Итак, схемы вначале влияют на то, что мы воспринимаем, а затем на то, что мы запоминаем. Фиске и Тейлор (1984) отмечали, что такой порядок отличается от нашего обычного представления о восприятии. Они писали, что большинство людей считают, что восприятие — это прямое копирование объективных данных. Однако концепция схемы основывается на том, что систематизированные предварительные знания (схемы) оказывают влияние на активное конструирование социальной реальности. В то время как объективные данные формируют то, что вы воспринимаете, ваши убеждения и ожидания определяют то, как вы видите эти данные.

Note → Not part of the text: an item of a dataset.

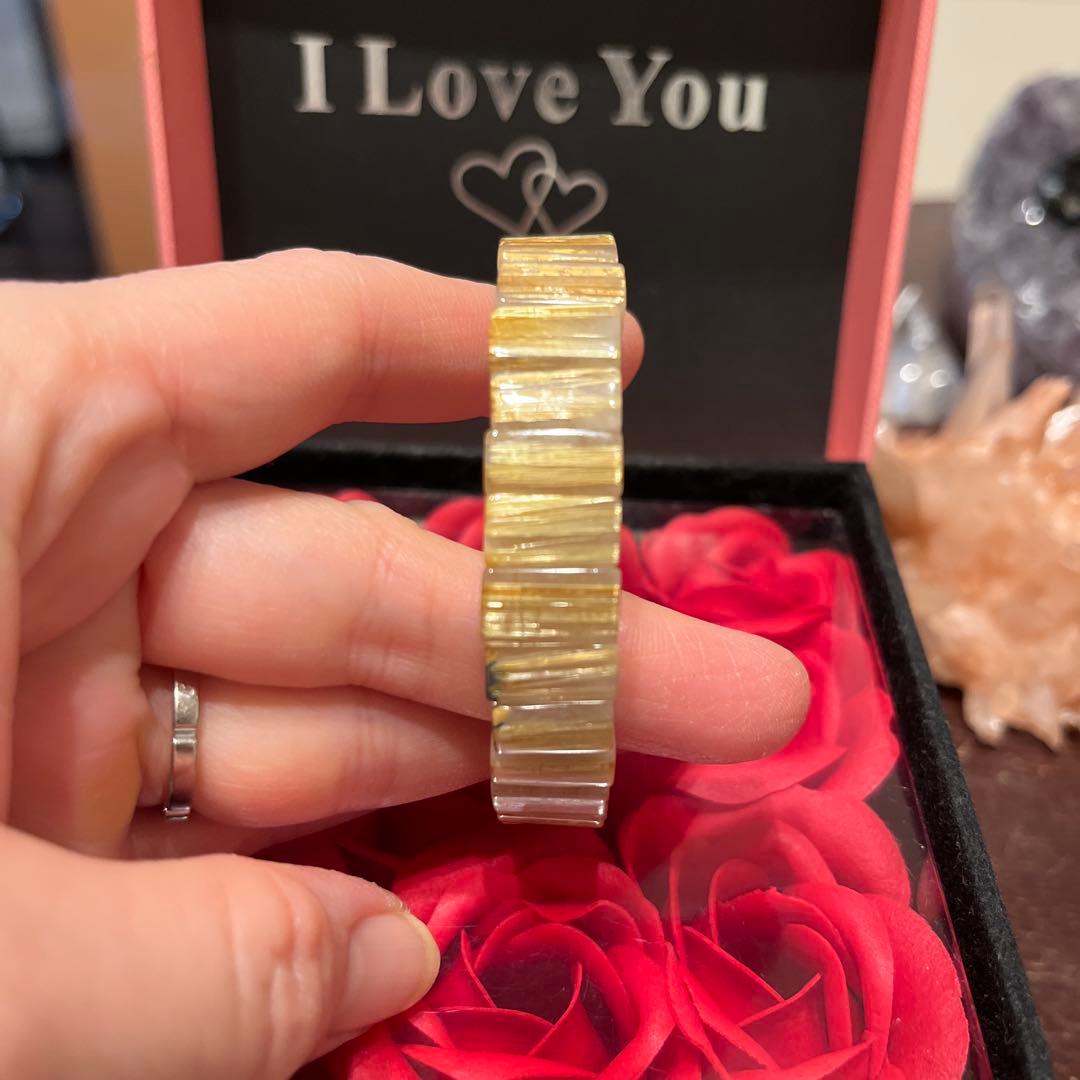 お値下げ！天然石ブレスレット　タイチンルチルクォーツ　バングル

Социальное познание гендера
В этом разделе мы обсудим, как наше стремление к категоризации на основе гендера управляет процессами обработки информации и приводит к тому, что мы видим в мужчинах и женщинах куда больше различий, чем они имеют на самом деле. Интересно, что результаты исследований опровергают утверждение, что мужчины и женщины существенно отличаются друг от друга, но, несмотря на это, мы упорно продолжаем видеть их совершенно разными и на основании такого восприятия общаемся с ними тоже по-разному. Мы уже подробно рассматривали результаты исследований гендерных различий и отмечали, что эти различия (если их все же удавалось обнаружить), как правило, оказывались довольно незначительными. Распространенные стереотипы представляют мужчин активными, агрессивными и эффективно действующими, а женщин — пассивными, зависимыми и эмоциональными (Bergen & Williams, 1991). Хоффман и Херст (Hoffman & Hurst, 1990) приводят результаты исследований, которые наглядно демонстрируют, что большинство стереотипных гендерных различий слишком незначительны, чтобы ожидать их регулярного проявления. Эти авторы также указывают на то, что, по-видимому, существует лишь незначительная корреляция между масштабом межполовых различий и той степенью, в которой это подчеркивается в стереотипах.
Результаты исследования Мартина (Martin, 1987) в очередной раз продемонстрировали нашу тенденцию видеть мужчин и женщин более непохожими друг на друга, чем это есть на самом деле. В этом исследовании мужчинам и женщинам предлагалось отметить, какими качествами из сорока предложенных — среди которых были «типично мужские», «типично женские» и «нейтральные» — они обладают. Второй группе, в которую также входили мужчины и женщины, предложили определить, какому проценту мужчин и женщин каждое из качеств, по их мнению, присуще. В результате исследования выяснилось, что ответы мужчин и женщин, оценивавших самих себя, отличались только в пяти пунктах (эгоцентризм, цинизм, сопереживание, плаксивость, суетливость), в то время как представители второй группы представили мужчин и женщин совершенно разными во всех сорока пунктах.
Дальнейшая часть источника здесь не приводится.